Во второй половине июня Центр современной культуры YEMAA провел онлайн-школу для молодых кураторов под названием «Куратор перед лицом кризиса». В рамках нее также прошел курс лекций профессора искусства и экономики Кассельского университета/Института Documenta Ми Ю о способах организации кураторских проектов.
Власть поговорила с ней о том, какие изменения переживает институт кураторства на фоне геополитических конфликтов, как отличаются подходы к нему в разных частях мира, какие стратегии могут использовать казахстанские кураторы в меняющихся условиях и как проект YEMAA помогает обучаться этому делу в условиях отсутствия постоянных образовательных программ и инфраструктуры.
Ми Ю — исследовательница и кураторка, которая работает в Германии. Она изучает взаимосвязи в художественном мире, в частности между европейской и азиатской частями. Ее академические интересы связаны с новым и историческим материализмом, теорией перформанса, новыми медиа в искусстве, а также историей, политической теорией и философией Евразии.
Хотелось бы начать с того, что значит быть куратором сегодня? Особенно в череде накладывающихся друг на друга кризисов — от политического до экологического.

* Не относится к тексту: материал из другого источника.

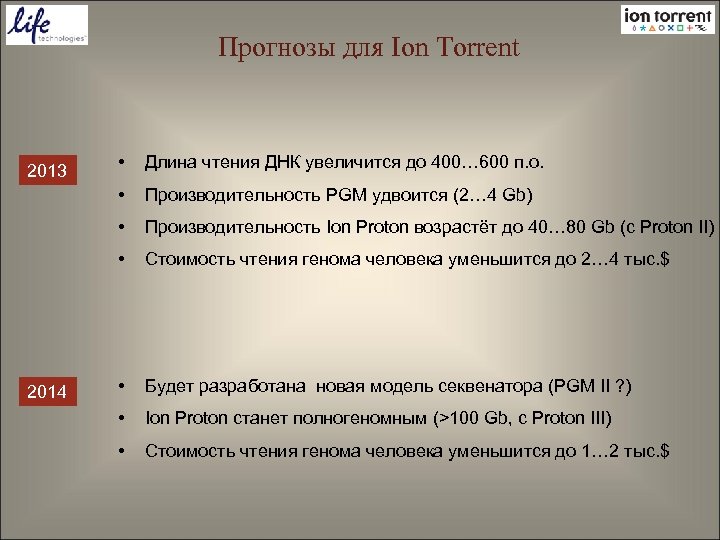 Прогнозы для Ion Torrent Длина чтения ДНК увеличится до 400… 600 п. о. Производительность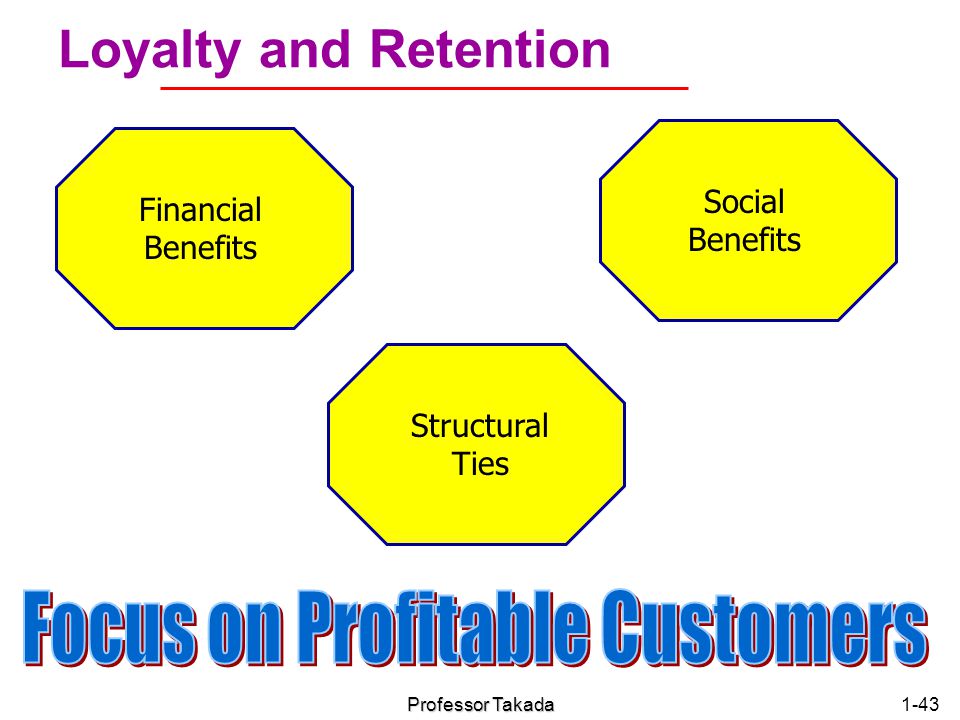 Focus on Profitable Customers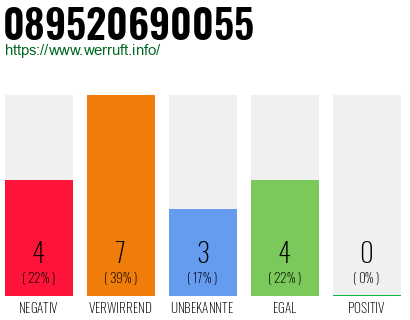 Rufnummer 089520690055 Telefonnummer 089520690055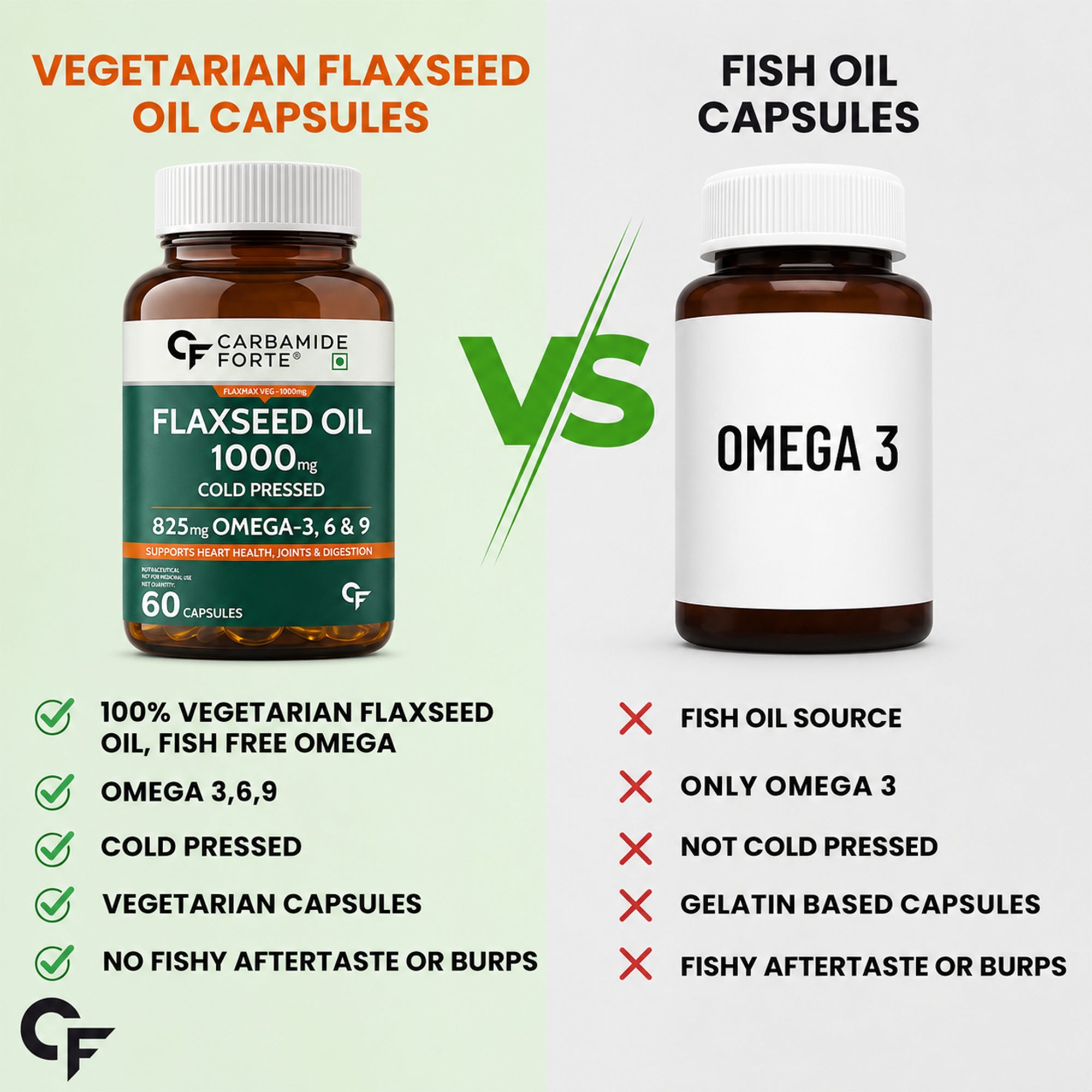 Flaxseed Oil Capsules 1000mg | Plant-Based Omega 3 6 9 Supplement | Cold Pressed Vegetarian Omega-3 | Heart, Brain, Skin & Joint Support | 60 Capsules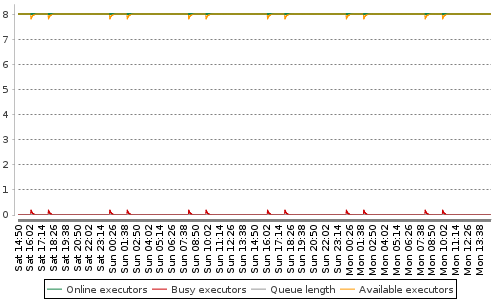 [Load statistics graph]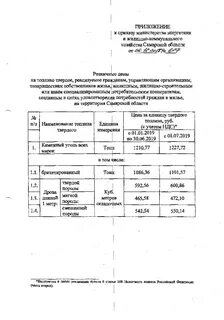 Установление цен на твердое топливо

Как бы вы определили его большее широкую роль, как единицы социальной жизни?
Вы верно спрашиваете о роли куратора не только в границах современного искусства и его институций, а пытаетесь вписать ее в более широкий социальный контекст. В последние 30-40 лет на западе, скажем, в Европе и США, наблюдается устойчивая профессионализация кураторов. И это совершенно исключительный случай. Для кураторов из других стран, где нет такого количества крупных институций, государственно-частных учреждений с очень отлаженной системой финансирования, реальность может быть совсем другой. Это не значит, что не стоит создавать институции по образу и подобию европейских и американских. Но я думаю, что сейчас есть возможности для создания искусства и другой роли куратора, которые отличались бы от западных моделей.
Я вижу социальное измерение деятельности куратора как ее важное условие. Я думаю, что работающие за пределами Европы и Америки, более осведомлены о социальных и политических условиях, а также об ограничениях, в которых они существуют. В то время как кураторы на западе живут в некой иллюзии художественной свободы, которая, вероятно, также является исключительным состоянием, а не безусловно универсальным для всего мира.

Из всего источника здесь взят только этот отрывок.